The TP_IMON may be a positive value or a negative value. For example, when the FC-BAT hybrid system is in a regenerative mode, the p_req(i) is formally a negative value. In this case, when the TP_IMON is a positive value, the condition p_req(i)≤TP_IMON is easily met, so that the operation mode of the FC switches from ON to OFF immediately. As a result, the operating mode of the FC may switch every time the hybrid system enters a weak regenerative mode, increasing frequency of intermittent operation.
On the other hand, if a negative value is used as the TP_IMON, the FC operating mode switches from ON to OFF only when the hybrid system enters a strong regenerative mode (e.g., when the fuel cell vehicle is travelling on a long downhill slope). As a result, the frequency of intermittent operation can be reduced in some cases.
In S11, if the p_fc_temp(i) is larger than the TP_IMOFF and/or if the p_req(i) is larger than the TP_IMON (S11: NO), the process proceeds to S13.
In S13, it is determined whether the BAT is in the discharge mode at time (i−1) and the p_fc_temp(i) is equal to or smaller than an output lower limit (LL) of the FC.
The term “output lower limit (LL)” refers to a lower limit of the power generation provisional command value p_fc_temp(i) when the intermittent OFF state (FC operating state) is switched to the intermittent ON state (FC stopped state). An optimum value can be selected without limitation as the value of the LL according to a purpose. For example, the LL may be zero or a positive value close to zero.
The phrase “the BAT is in the discharge mode (f_SOC(i−1)=1) at time (i−1), and the p_fc_temp(i) is equal to or smaller than the LL” means that the FC is substantially not operating while operating in the system and is in a state where the p_req(i) can be covered only by charge and discharge of the BAT. In such a case (S13: YES), the process proceeds to S14, and “1” is stored in the flag f_IM(i). In other words, the intermittent OFF state is switched to the intermittent ON state (FC stop state) at time i (third switching means). After that, the process returns to S4.

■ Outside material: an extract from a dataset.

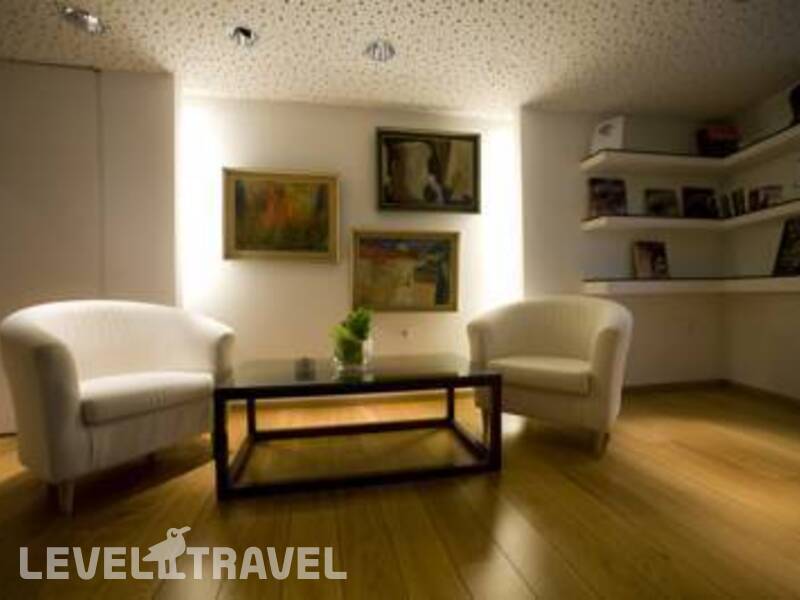Фотография Athinais Hotel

On the other hand, in a certain case, the BAT is not in the discharge mode (f_SOC(i−1)=1) at time (i−1) and/or the p_fc_temp(i) is more than the LL, which means that although the p_fc_temp(i) and/or the p_req(i) are relatively small, the output from the FC is substantially required. If the FC is stopped in such a case, the p_fc_temp(i) and/or the p_req(i) may increase rapidly immediately afterwards. In such a case (S13: NO), the process proceeds to S15, and “0” is stored in the flag f_IM(i). In other words, the intermittent OFF state (FC operating state) is maintained. After that, the process returns to S4.
The above steps S1 to S5 and S11 to 515 are then repeated until the control is stopped (S4: NO).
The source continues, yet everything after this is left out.